Chances are the light meter you use is built into your camera.
Chances are also that you have no real access to it. Since most people use mobile phones for taking pictures, the companies don't consider it necessary, but it is.
Just as there are apps that will allow you to control ISO, Aperture and Shutter-Speed on a mobile device, there are things we can buy to turn them into a light meter.
This graphic represents a typical light-meter display in an SLR camera. (Some film cameras use a sweeping needle instead of lighted bars)
This meter uses individual bars, each one illuminated based on the amount of light being detected in that particular region.
If the only bar illuminated is in the middle ("0"), then according to the meter, we have a balanced exposure and that's a good thing.
If the lighted bars push more into the positive end of the meter, I am over-exposed. Meaning the exposure has too much light.
Lighted bars in the negative territory, indicate I am under-exposed. I have too little light.
Whether automatic or fully-manual, everything depends on getting an accurate light-meter reading of our subject.
Failure to do so means our exposure equation (ISO+Shutter-Speed+Aperture) will be wrong right from the very beginning and our photographs don't come out.
So it's important to understand just how cameras see and record the world, sometimes the light-meter is wrong and we need to know what to do.
There are two kinds light-meters: Reflected and Incident
Reflected light-meters are the ones built into a camera.
As the name implies, it measures the light being reflected off our subjects, everything from a flower to a distant mountain and beyond.
This type of meter evaluates the world not in color, but in shades of gray. It searches for the halfway point between full-black and full-white (something called 18% gray), then sets the exposure based on that.
The downside to reflected metering are very bright scenes like the sun, snow, a sandy beach, a lamp or any large bright surface.
Such meters are fooled by this brightness and will adjust the exposure downwards to compensate. Our image is now under-exposed, with nice white snow being rendered as a shade of gray.
If we're photographing a large black surface, such as a monument, this will not be represented accurately, either. The exposure will be shifted upwards to a dark shade of gray, over-exposing our image.
Here's reflected metering at work...
For one example, I pointed and pressed the shutter button just like everyone else would. The street lights are very bright and since my camera is pointed in that direction, they are a big part of the metering equation.

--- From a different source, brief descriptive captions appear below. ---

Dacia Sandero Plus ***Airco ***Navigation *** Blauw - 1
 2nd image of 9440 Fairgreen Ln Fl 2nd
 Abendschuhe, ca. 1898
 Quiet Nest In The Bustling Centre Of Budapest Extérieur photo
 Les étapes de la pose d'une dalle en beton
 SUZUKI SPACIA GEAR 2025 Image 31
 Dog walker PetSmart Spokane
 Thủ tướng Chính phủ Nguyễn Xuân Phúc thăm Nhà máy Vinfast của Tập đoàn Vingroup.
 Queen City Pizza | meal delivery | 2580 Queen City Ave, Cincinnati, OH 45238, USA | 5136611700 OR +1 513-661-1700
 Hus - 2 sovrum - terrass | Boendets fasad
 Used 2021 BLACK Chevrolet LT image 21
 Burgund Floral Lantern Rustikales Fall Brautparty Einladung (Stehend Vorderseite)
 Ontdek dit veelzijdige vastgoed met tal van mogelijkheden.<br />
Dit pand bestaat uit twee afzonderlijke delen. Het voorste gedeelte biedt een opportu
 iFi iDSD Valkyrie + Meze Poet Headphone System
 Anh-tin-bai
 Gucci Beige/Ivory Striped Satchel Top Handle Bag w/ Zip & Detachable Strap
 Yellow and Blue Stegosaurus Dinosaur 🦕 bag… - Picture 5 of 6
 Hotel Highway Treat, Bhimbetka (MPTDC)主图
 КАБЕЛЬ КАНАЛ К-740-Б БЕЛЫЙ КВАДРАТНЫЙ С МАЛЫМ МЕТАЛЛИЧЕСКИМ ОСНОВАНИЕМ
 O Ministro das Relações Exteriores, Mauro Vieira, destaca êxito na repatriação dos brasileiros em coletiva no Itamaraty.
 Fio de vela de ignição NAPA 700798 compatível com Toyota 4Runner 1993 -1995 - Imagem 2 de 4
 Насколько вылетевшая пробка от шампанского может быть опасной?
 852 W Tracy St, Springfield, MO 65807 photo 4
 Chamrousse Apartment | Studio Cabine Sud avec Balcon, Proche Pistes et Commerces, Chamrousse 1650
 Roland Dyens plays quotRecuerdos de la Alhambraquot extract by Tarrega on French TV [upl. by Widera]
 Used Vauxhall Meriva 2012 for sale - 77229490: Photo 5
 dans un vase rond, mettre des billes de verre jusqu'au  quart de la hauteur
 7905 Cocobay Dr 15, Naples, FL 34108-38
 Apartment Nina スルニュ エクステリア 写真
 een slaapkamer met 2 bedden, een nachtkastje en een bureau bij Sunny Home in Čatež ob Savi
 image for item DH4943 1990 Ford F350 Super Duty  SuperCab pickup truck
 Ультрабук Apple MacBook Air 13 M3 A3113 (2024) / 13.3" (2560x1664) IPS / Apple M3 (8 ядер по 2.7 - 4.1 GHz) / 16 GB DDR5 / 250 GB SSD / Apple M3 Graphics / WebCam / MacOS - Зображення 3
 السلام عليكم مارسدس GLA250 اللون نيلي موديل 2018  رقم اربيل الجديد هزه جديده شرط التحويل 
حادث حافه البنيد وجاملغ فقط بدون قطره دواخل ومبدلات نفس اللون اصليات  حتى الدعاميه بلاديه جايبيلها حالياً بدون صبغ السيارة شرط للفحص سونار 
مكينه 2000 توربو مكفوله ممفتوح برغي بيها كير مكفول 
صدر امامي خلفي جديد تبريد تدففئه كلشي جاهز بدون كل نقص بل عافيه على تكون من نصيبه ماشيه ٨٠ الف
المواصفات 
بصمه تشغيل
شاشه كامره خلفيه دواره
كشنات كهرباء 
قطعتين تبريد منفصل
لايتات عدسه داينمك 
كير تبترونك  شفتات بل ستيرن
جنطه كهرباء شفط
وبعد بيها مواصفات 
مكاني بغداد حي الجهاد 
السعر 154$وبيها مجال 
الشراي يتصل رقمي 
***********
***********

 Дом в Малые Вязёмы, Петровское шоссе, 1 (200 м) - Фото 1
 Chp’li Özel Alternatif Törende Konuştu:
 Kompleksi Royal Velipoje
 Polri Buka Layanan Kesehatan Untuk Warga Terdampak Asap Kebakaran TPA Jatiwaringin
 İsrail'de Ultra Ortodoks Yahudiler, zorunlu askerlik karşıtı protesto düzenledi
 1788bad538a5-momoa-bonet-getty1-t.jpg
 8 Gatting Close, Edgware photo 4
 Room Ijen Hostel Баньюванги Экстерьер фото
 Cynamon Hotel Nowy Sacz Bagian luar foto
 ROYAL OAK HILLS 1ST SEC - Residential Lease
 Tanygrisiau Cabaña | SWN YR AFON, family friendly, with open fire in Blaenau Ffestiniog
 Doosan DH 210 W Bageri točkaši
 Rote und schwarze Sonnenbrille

The result is an under-exposed image.
Now, if I pointed the camera down and and away from the lights, so I am only metering on the pumpkins and the people, I get a much better picture.
I set the camera accordingly or use the exposure-lock feature on my camera (most have them), then reposition my scene before taking the picture.
It's the same thing if shooting outside in bright daylight.
Pointing the camera in the direction of the sun, makes it part of the metering equation and the exposure will be thrown off. But by turning away from the sun and metering, the exposure will be accurate.
A small adjustment may be needed here and there, but we will most certainly be in the ballpark.
This is why people starting out in photography are advised to shoot in manual. We are making adjustments as we go and before long, all these elements will become second nature to us.
An incident light-meter is a hand-held device.
This kind of meter measures the amount of light falling on our subject. We can be photographing something right in front of us or a mountain miles away.
Incident meters do not factor reflecting light into the equation. Snow is rendered as being white, not gray. The same with a black monument.
The downside to an incident meter happens when shooting outdoors in constantly changing and may require regular metering.
Some incident meters have the ability to also read reflected light, making them more versatile. Plug-in accessories are available to turn our mobile device into incident meters.
COMPARING THE TWO
Here's our Frosty the Snowman blow mold peaking out from under the snow.
Each photo shows a different metering type and is straight from the camera, no corrections other than crop and alignment.
For reflected-metering, I shot in full-automatic and just accepted the camera default settings. For incident-metering, I was in manual-mode and set the camera to whatever my hand-held meter indicated.
Hands down, the incident-meter was the most accurate of them all. As far as reflected metering goes, the closest was Spot.
SLR cameras provide multiple metering options to choose from. This way, we can direct the meter to specific areas for more precise measurements.
Spot is a small dot, dead-center in the viewfinder. An example for using spot is a bright sunny day when our subject is in the shade. Spot narrows our metering to a very small area and disregards everything else.
Center-Weighted is a slightly bigger area than Spot and for decades, was the only one available to film camera users. Like with Spot, this meters a limited area.
Matrix or Multi-Zoned is for an entire scene. It attempts to balance the light from many different areas, including Spot, and actually does very well most of the time. This is where a company's advertising departments boast of the attributes of their camera's metering system.